“What really bothers me about the Republicans’ claims of voter fraud is that they claim dead people voted, but they don’t give us any specifics,” Aaron complained from his bench after taking a sip of Snapple.
Holly nodded in agreement from her bench on the other side of the path, where she maintained properly socially distanced from her best friend.
She didn’t say anything, though, because she knew he was about to go off on one of his classic rants. She just put on her metaphorical seat belt and prepared to enjoy the ride.

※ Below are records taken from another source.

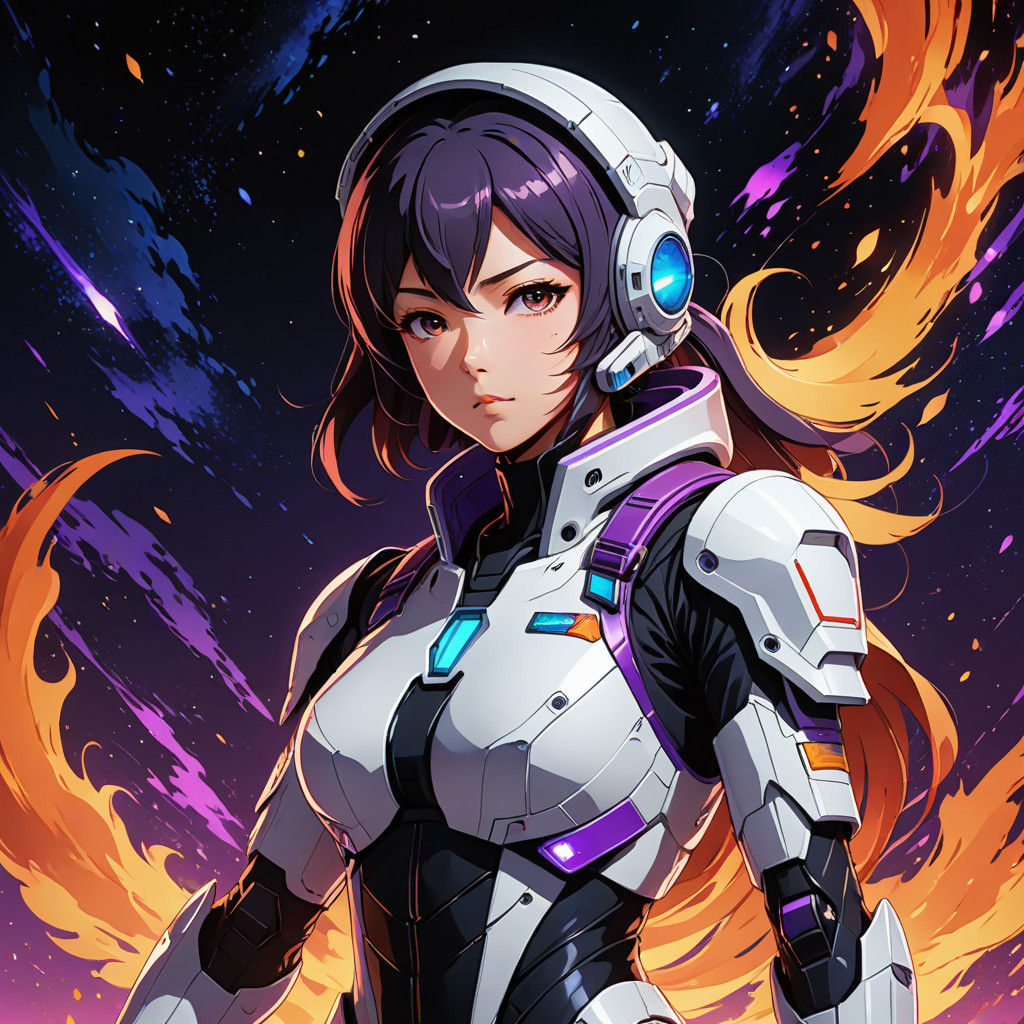 Sleek Astronaut Surrounded by Cinematic Flames in Deep Space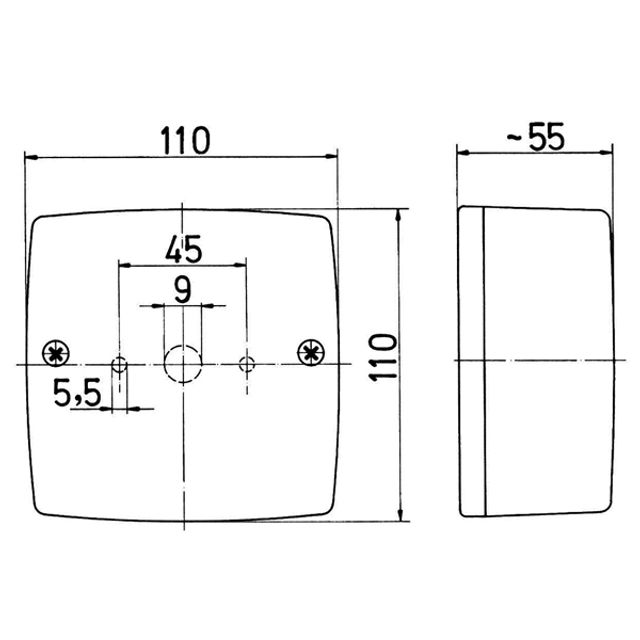 JOKON Schlussleuchte BBS(K) 510 links 158 x 64 mm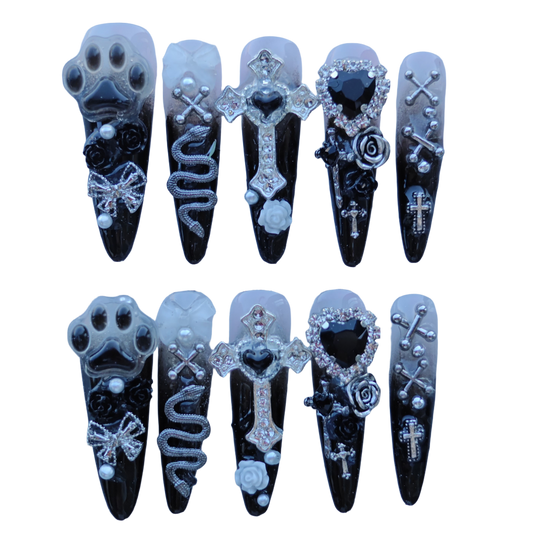 Gothic Black Press On Nails with 3D Cross, Snake, Paw Print & Rhinestones – Long Coffin Luxury Bling Fake Nail Set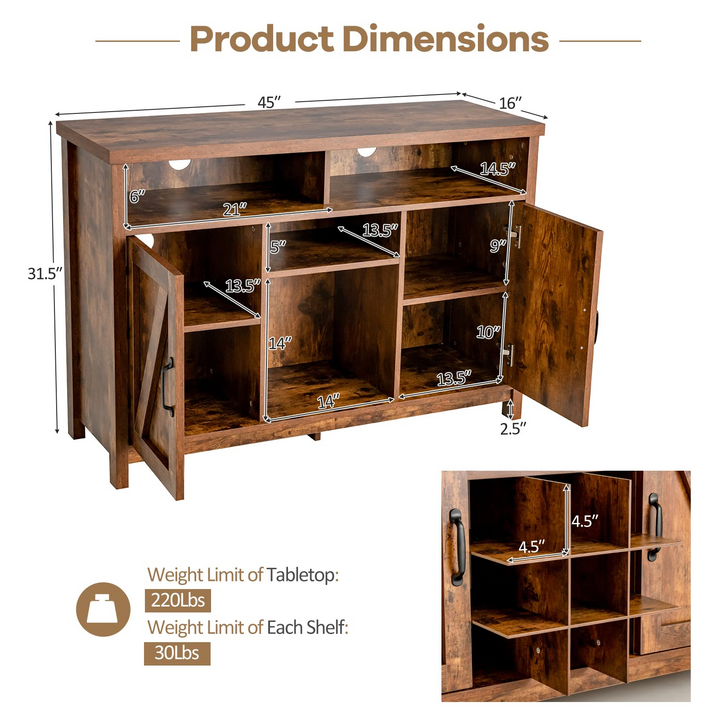 Giantex Buffet Sideboard, Farmhouse Kitchen Storage Cabinet, 9-Bottle Wine Rack &amp; 2 Door Cabinets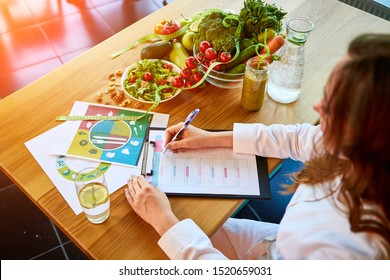 Woman dietitian in medical uniform with tape measure working on a diet plan sitting with different healthy food ingredients in the green office on background. Weight loss and right nutrition concept - Shutterstock ID 1520659031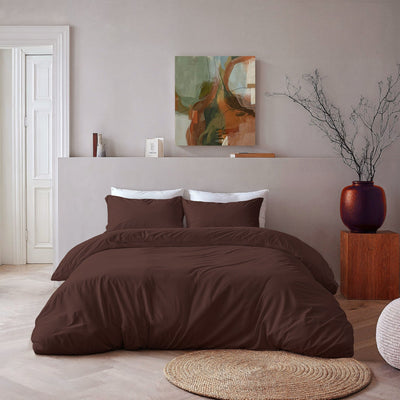 Byrklund Dekbedovertrek Quiet Cozy Chocolate Brown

“I mean, aren’t they going to tell us what kind of dead people voted?” he continued and proved her point. “Were these dead people Zombies or Ghosts? We do have a pandemic ravaging our nation, even though Trump and his cronies are ignoring that fact, so if there were Zombies voting, that means the outbreak has been taken to an entirely new level! And that’s way bigger news than Trumps’ pathetic attempts to cling to a job he’s failed at miserably for the past four years.”

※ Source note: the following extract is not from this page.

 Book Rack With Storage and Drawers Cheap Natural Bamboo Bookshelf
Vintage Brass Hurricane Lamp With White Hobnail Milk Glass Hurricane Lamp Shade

“We might need to call out the National Guard,” Holly volunteered.
She smiled, but he could not tell because she was wearing her mask. She loved to egg him on when he got all worked up about a topic. It made for great entertainment.

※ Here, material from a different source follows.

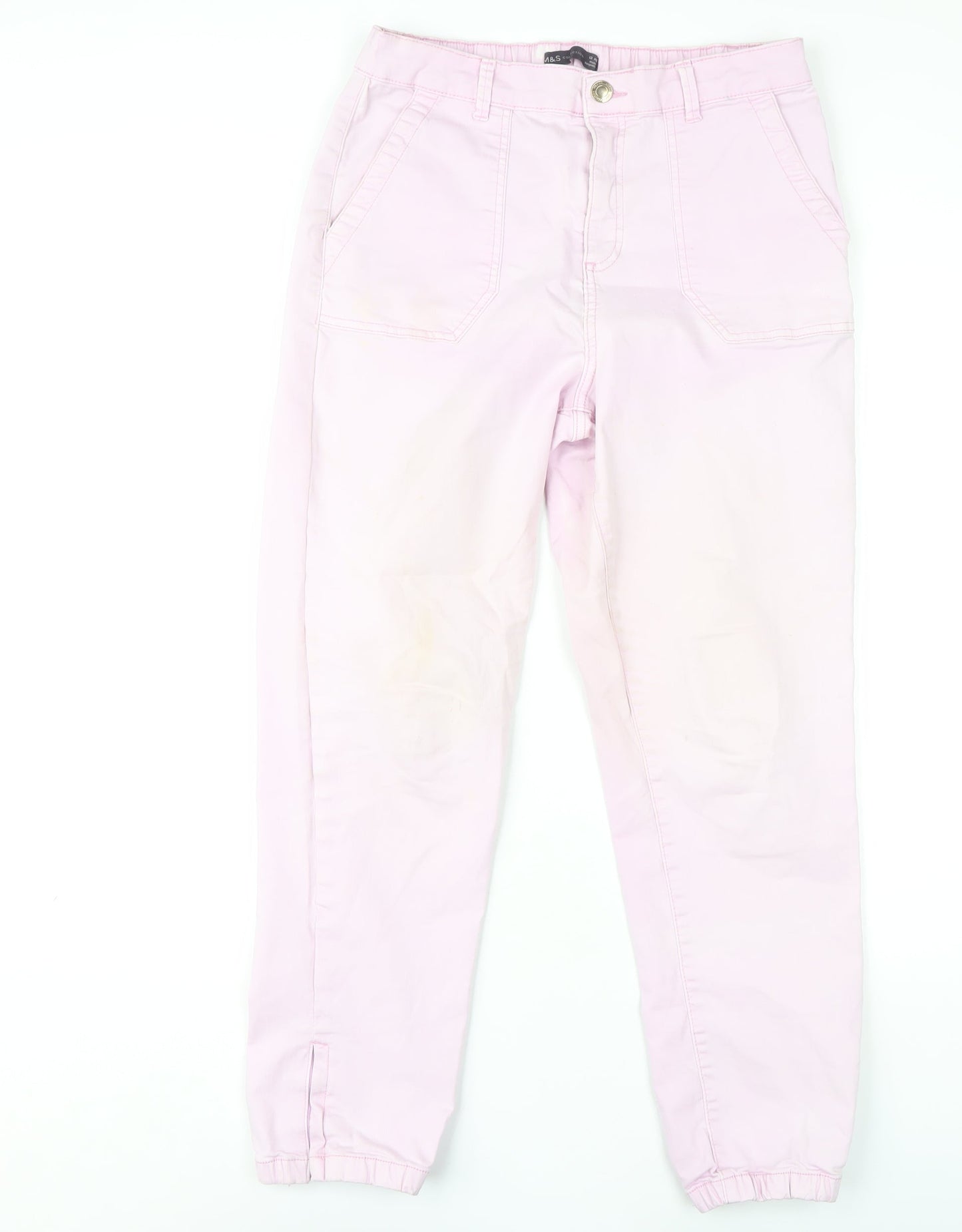 Marks and Spencer Women's Pink Jogger Trousers Size 12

“Exactly!” he agreed excitedly. “I mean, Trump has no problem calling in the troops to clear a path for a photo op at a church, so you know he’d want them out there clearing the streets of the undead.”
“Maybe he’s not so concerned because Zombies have a taste for brains, and there isn’t much of that available in Trump’s White House!” she shouted and then laughed wildly at her own joke.
Aaron shook his head in disappointment.
“You watch The Walking Dead religiously,” he scolded her. “You know that Zombies eat way more than brains. Trump’s got a lot of fat on him, so the walkers would make a bee line for such a feast. Plus, I bet the red hats draw their attention, kind of like a red cape attracts a bull.”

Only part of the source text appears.